Problem to solve: Please repeat only the stretch of records running from the first line through the line that contains "Межкомнатная дверь Турин".

Saved entries:
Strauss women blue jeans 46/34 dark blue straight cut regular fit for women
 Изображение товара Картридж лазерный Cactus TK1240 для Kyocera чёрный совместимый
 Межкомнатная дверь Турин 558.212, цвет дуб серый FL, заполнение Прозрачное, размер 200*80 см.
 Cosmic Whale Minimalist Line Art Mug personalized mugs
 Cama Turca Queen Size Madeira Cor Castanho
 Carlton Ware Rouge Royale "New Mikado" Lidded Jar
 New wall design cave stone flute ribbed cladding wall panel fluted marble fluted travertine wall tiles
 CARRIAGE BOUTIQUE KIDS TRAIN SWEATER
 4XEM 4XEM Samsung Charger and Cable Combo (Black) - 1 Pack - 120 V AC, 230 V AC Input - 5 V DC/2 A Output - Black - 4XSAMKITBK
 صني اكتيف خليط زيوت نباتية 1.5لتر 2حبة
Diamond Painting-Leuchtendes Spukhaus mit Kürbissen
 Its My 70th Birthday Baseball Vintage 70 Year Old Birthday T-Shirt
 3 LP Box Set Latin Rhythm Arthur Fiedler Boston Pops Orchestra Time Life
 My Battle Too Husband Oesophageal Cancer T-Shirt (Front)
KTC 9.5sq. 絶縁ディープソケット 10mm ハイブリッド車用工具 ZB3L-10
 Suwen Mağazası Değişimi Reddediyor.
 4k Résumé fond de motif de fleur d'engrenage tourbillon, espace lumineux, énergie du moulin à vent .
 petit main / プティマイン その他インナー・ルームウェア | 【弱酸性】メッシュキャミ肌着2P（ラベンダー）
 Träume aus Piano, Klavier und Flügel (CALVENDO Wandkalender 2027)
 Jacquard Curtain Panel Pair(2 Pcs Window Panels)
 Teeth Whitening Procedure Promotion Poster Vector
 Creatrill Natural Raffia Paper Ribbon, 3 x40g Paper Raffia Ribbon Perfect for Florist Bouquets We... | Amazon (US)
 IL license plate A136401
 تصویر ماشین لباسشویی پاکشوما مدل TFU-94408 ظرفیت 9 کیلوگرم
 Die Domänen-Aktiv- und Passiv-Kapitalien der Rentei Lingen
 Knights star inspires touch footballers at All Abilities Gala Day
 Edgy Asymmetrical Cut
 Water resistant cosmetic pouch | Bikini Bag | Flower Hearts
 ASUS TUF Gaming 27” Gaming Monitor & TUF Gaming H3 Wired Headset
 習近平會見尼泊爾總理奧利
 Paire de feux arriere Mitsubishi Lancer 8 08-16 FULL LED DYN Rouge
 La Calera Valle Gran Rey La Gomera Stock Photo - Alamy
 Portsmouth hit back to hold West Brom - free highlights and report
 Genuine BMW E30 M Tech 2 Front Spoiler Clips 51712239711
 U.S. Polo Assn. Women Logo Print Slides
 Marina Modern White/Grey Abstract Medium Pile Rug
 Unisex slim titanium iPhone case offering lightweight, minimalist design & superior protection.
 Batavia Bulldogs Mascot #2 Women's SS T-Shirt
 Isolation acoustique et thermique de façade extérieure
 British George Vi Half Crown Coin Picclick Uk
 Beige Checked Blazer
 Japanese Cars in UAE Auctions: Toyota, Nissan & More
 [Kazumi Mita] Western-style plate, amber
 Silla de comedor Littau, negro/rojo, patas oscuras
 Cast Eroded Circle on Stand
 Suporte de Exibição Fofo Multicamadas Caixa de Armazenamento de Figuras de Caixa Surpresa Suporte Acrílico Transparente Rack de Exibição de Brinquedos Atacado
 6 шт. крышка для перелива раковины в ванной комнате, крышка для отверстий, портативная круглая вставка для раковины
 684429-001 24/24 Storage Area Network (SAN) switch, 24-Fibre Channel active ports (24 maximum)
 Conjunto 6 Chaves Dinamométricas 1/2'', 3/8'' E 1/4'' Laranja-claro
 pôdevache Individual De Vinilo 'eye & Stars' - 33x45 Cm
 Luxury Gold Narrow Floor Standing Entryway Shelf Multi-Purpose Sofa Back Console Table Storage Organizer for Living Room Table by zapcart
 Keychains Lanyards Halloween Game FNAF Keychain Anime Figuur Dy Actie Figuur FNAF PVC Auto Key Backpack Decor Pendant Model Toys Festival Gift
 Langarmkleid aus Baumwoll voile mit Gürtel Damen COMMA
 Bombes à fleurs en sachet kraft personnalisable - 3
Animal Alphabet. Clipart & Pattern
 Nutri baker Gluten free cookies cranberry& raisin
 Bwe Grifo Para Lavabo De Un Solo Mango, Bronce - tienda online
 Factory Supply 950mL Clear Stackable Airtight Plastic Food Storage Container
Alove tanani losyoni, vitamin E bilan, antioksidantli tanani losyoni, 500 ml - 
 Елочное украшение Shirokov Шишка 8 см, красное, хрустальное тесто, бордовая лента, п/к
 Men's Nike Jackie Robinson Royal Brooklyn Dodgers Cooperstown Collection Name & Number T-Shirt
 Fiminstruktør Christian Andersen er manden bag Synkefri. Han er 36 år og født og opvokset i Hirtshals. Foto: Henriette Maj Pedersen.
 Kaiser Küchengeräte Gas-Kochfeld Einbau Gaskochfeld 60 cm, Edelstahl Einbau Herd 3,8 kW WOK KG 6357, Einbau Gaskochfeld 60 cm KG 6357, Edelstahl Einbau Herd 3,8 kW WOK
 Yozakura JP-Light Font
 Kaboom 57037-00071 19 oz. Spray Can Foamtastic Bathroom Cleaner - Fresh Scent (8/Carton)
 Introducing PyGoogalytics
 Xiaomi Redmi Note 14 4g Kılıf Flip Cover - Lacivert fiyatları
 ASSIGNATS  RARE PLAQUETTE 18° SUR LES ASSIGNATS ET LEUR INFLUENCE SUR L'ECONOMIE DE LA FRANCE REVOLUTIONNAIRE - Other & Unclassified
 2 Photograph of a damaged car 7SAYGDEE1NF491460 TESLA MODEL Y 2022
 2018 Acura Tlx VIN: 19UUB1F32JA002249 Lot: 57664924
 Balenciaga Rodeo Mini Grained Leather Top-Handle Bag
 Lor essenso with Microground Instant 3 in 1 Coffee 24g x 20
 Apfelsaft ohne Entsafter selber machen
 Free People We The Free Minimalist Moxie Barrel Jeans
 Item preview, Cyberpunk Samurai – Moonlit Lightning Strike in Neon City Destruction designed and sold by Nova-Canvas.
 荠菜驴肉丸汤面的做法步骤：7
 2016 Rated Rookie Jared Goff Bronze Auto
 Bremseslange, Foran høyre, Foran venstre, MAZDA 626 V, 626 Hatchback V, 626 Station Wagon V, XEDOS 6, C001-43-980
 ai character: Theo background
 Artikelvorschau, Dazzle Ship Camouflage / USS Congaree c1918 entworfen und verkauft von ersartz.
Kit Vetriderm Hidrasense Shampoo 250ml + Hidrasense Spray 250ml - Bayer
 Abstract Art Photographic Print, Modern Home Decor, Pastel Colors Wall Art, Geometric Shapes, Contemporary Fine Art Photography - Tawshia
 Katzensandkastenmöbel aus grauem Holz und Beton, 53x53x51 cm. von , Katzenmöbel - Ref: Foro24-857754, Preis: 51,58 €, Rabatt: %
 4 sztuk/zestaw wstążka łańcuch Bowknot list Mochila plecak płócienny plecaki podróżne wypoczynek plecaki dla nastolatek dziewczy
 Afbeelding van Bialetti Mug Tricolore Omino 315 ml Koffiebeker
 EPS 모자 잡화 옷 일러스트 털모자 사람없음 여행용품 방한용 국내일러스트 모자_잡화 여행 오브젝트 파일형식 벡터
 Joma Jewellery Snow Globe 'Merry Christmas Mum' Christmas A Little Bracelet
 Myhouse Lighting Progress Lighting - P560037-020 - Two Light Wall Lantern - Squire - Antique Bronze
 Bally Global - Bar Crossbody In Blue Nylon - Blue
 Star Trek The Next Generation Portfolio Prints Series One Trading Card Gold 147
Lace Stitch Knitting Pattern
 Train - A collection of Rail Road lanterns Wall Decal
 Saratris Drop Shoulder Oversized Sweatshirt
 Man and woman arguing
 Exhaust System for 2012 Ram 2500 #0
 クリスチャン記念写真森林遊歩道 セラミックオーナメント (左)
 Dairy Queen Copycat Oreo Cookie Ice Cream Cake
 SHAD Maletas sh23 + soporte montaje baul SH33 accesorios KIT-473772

Reply to the task:
Strauss women blue jeans 46/34 dark blue straight cut regular fit for women
 Изображение товара Картридж лазерный Cactus TK1240 для Kyocera чёрный совместимый
 Межкомнатная дверь Турин 558.212, цвет дуб серый FL, заполнение Прозрачное, размер 200*80 см.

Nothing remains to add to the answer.